→ TASK PROMPT:
In full and unchanged, set down the entries that follow, with no images.
EXTRACTED INFORMATION START
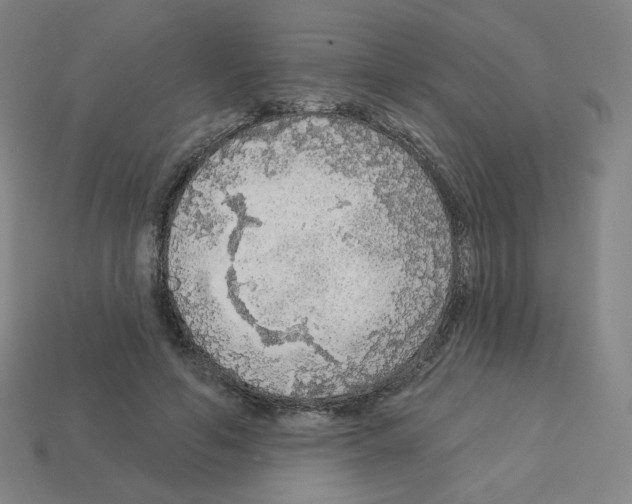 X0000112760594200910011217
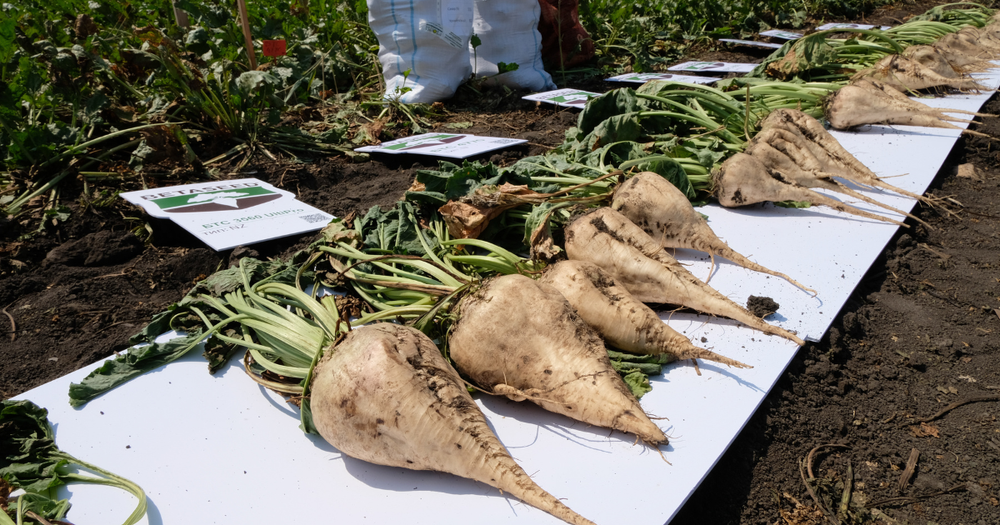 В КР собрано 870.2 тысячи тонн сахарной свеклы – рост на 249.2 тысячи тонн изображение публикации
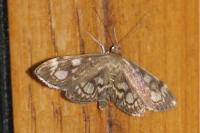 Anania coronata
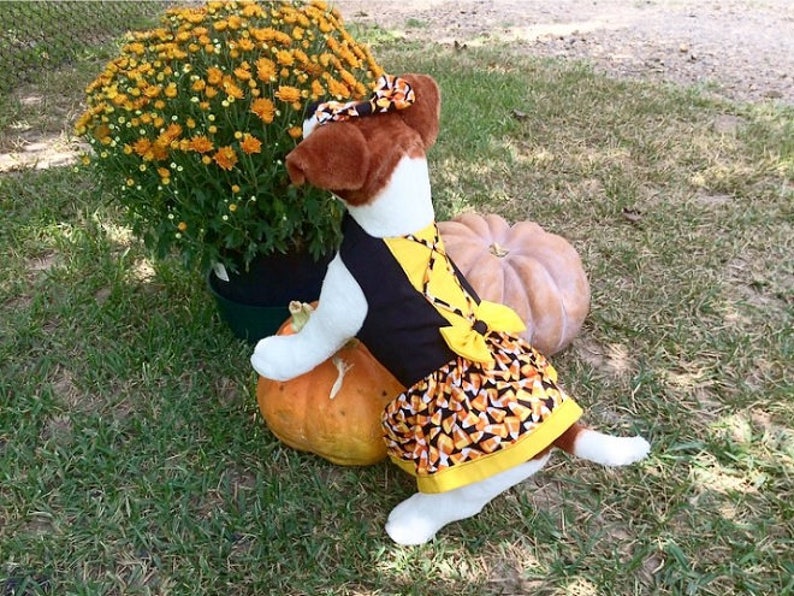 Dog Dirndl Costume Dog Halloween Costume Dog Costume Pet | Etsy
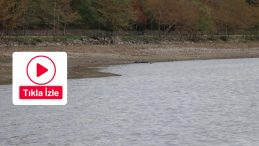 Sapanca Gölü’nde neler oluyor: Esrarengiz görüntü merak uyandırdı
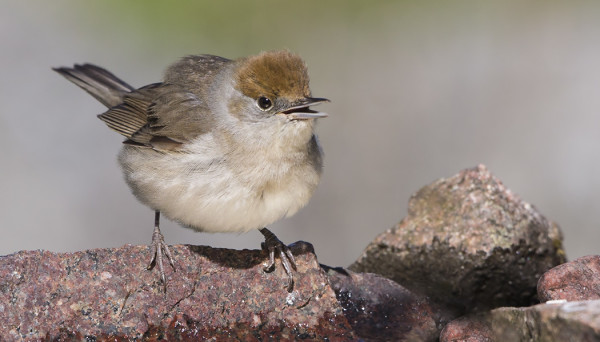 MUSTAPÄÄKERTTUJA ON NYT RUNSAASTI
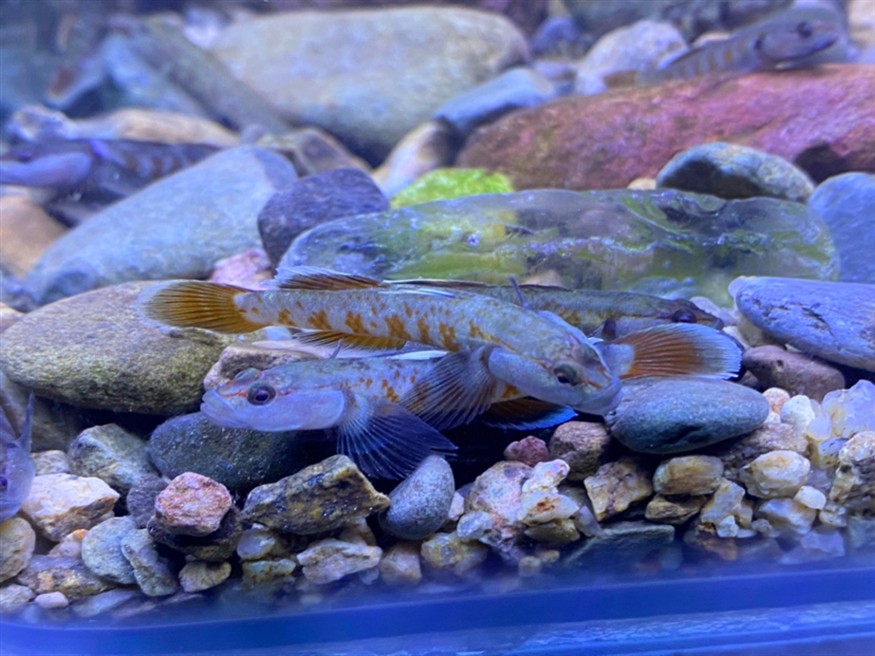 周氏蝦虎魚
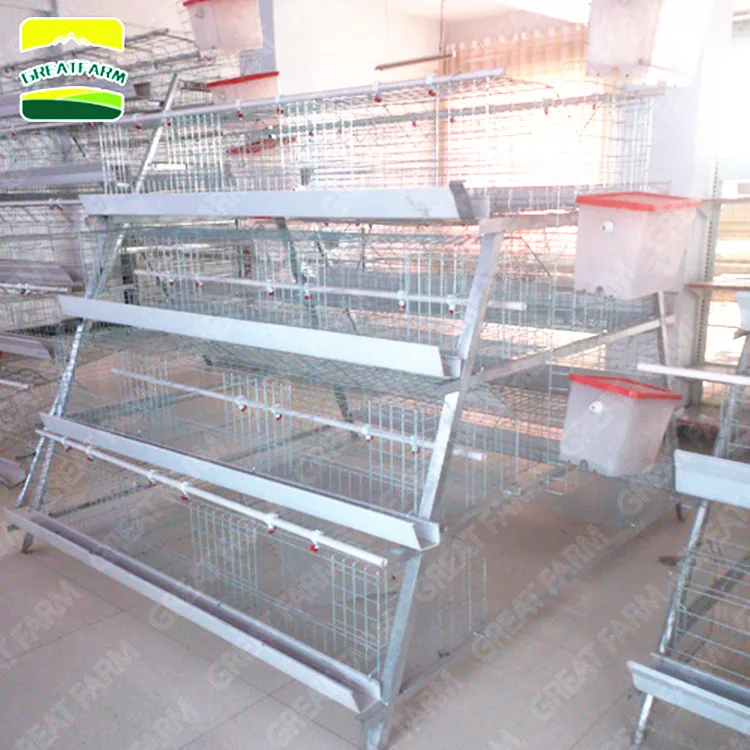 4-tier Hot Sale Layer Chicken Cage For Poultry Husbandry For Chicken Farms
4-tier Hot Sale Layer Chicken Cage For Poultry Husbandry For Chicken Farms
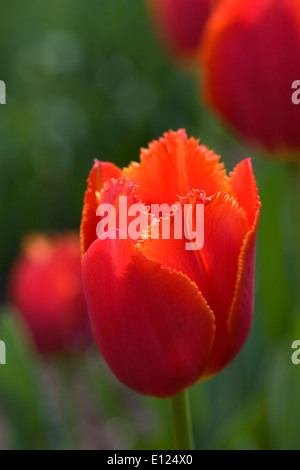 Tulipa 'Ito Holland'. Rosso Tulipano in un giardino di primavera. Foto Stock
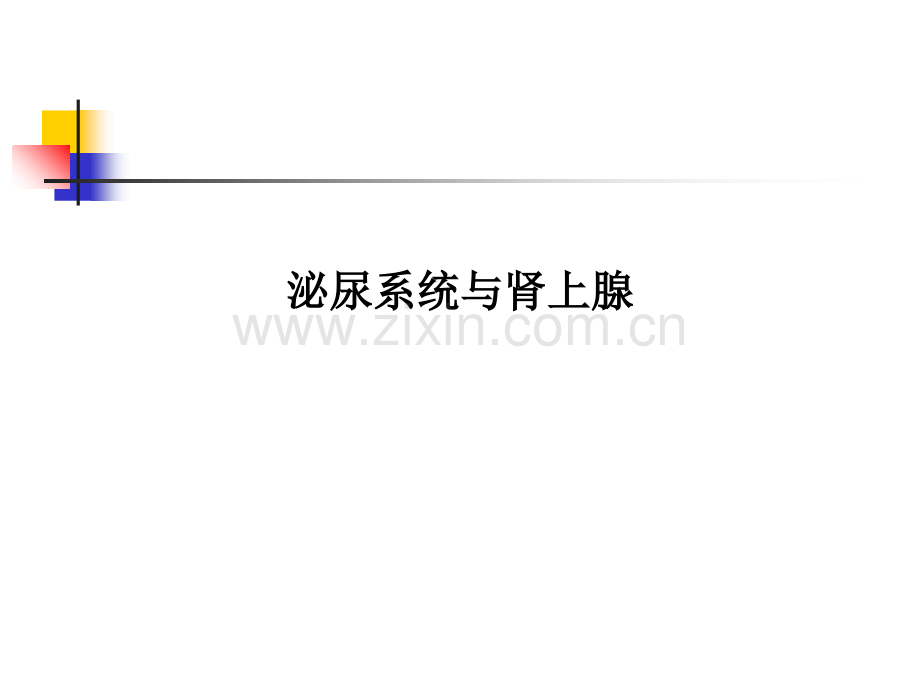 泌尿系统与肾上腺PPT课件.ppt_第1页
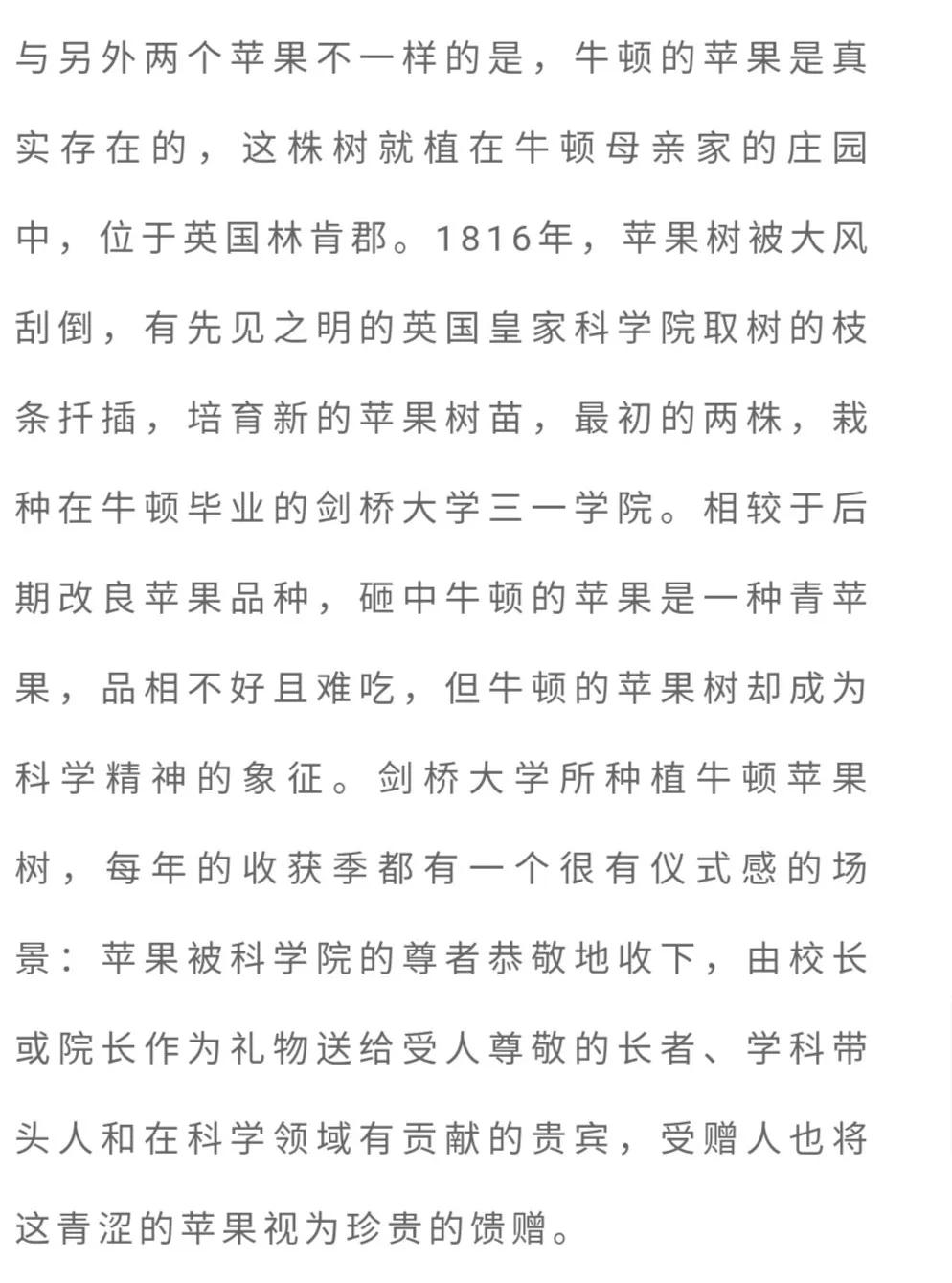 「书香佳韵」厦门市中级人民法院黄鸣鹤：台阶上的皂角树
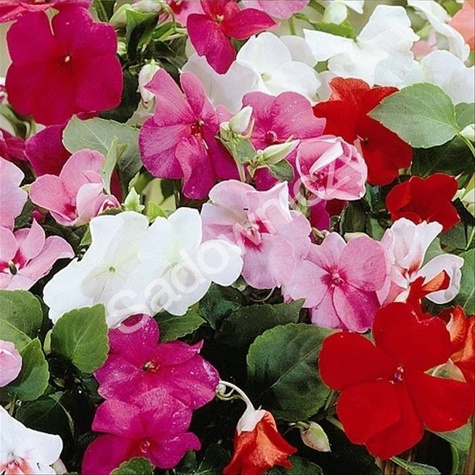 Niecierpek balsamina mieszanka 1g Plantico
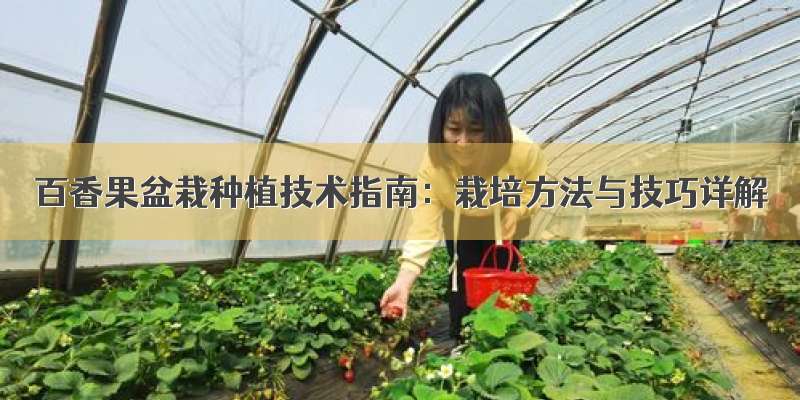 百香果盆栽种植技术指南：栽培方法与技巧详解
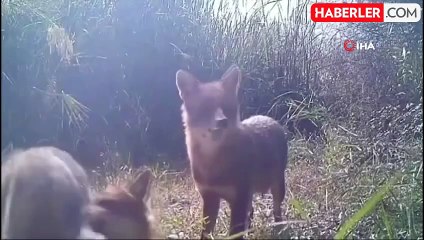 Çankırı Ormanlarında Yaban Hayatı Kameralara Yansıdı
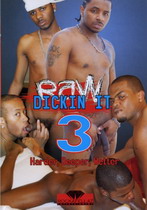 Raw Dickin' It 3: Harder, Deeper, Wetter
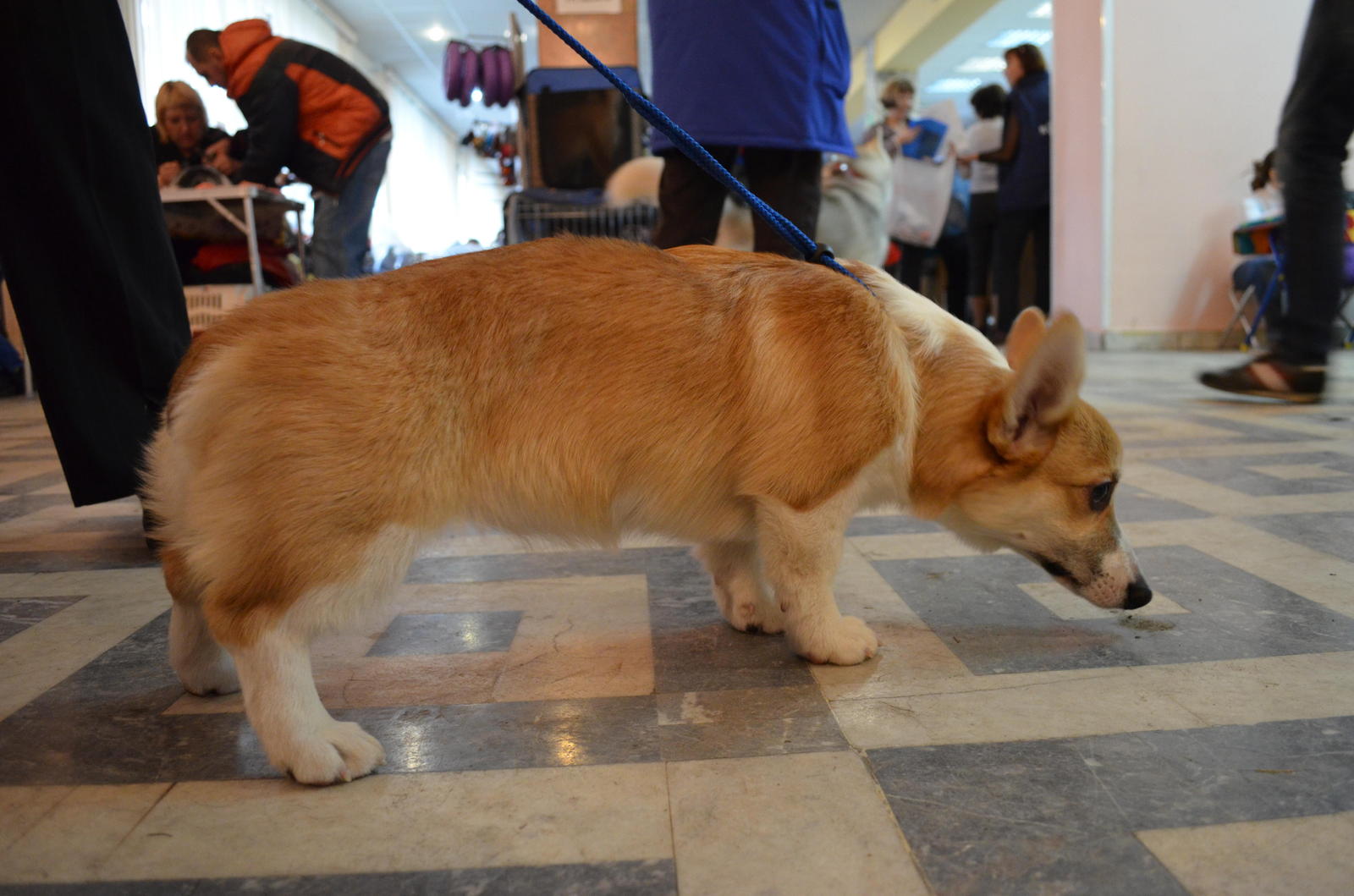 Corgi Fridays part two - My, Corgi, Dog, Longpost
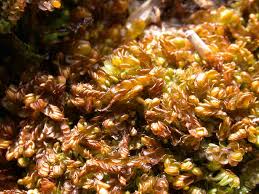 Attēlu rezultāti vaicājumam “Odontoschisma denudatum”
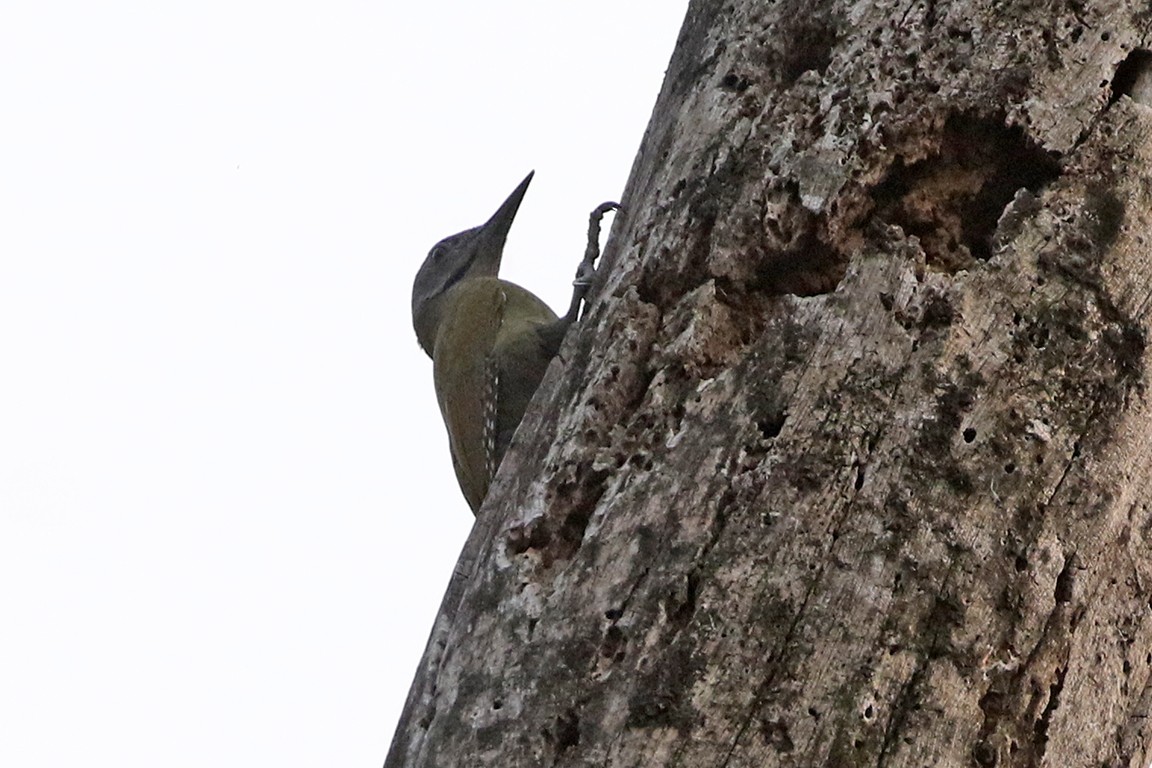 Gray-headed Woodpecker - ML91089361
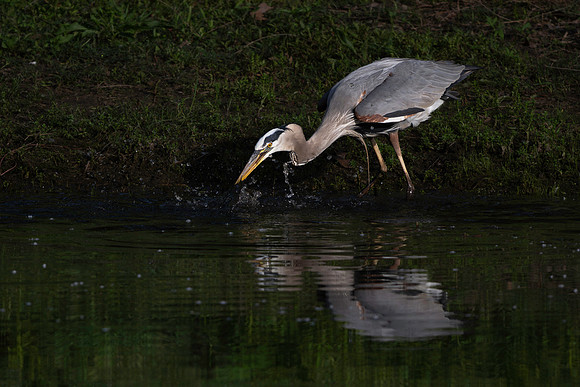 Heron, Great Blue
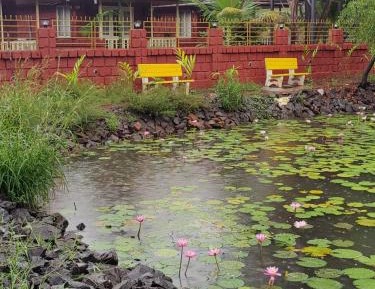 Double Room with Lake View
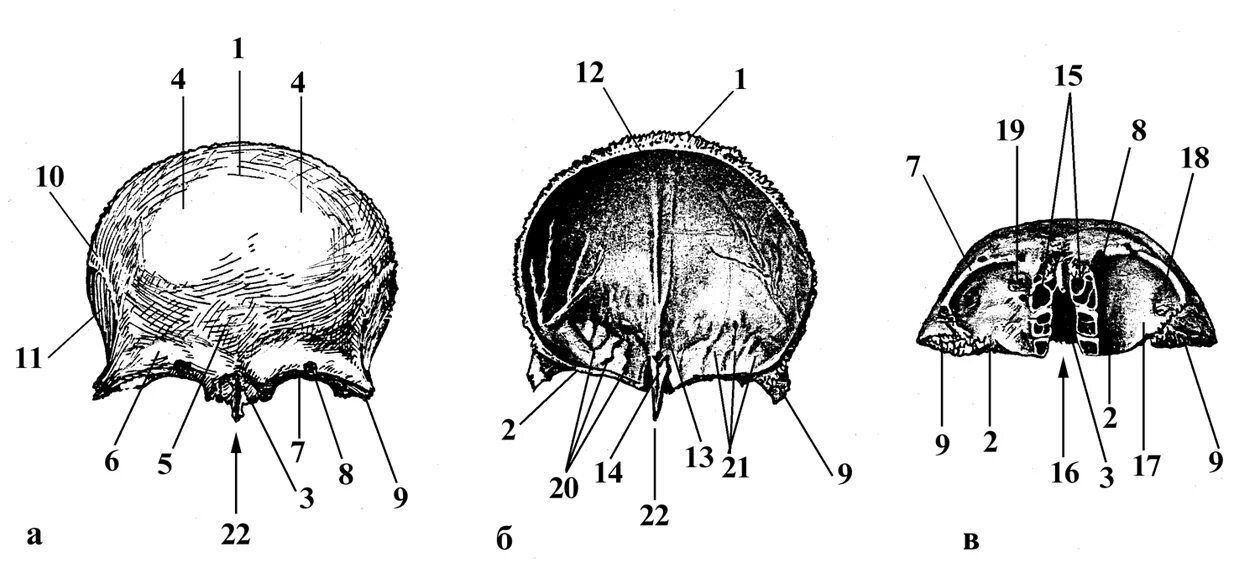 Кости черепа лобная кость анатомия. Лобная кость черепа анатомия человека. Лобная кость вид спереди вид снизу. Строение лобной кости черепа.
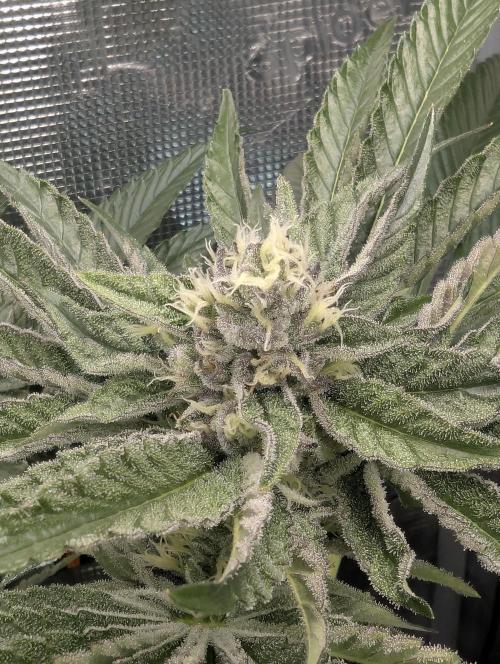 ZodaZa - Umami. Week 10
EXTRACTED INFORMATION END
→ WRITTEN RESPONSE:
 X0000112760594200910011217
 В КР собрано 870.2 тысячи тонн сахарной свеклы – рост на 249.2 тысячи тонн изображение публикации
 Anania coronata
 Dog Dirndl Costume Dog Halloween Costume Dog Costume Pet | Etsy
 Sapanca Gölü’nde neler oluyor: Esrarengiz görüntü merak uyandırdı
 MUSTAPÄÄKERTTUJA ON NYT RUNSAASTI
 周氏蝦虎魚
 4-tier Hot Sale Layer Chicken Cage For Poultry Husbandry For Chicken Farms
4-tier Hot Sale Layer Chicken Cage For Poultry Husbandry For Chicken Farms
 Tulipa 'Ito Holland'. Rosso Tulipano in un giardino di primavera. Foto Stock
 泌尿系统与肾上腺PPT课件.ppt_第1页
 「书香佳韵」厦门市中级人民法院黄鸣鹤：台阶上的皂角树
 Niecierpek balsamina mieszanka 1g Plantico
 百香果盆栽种植技术指南：栽培方法与技巧详解
 Çankırı Ormanlarında Yaban Hayatı Kameralara Yansıdı
 Raw Dickin' It 3: Harder, Deeper, Wetter
 Corgi Fridays part two - My, Corgi, Dog, Longpost
 Attēlu rezultāti vaicājumam “Odontoschisma denudatum”
 Gray-headed Woodpecker - ML91089361
 Heron, Great Blue
 Double Room with Lake View
 Кости черепа лобная кость анатомия. Лобная кость черепа анатомия человека. Лобная кость вид спереди вид снизу. Строение лобной кости черепа.
 ZodaZa - Umami. Week 10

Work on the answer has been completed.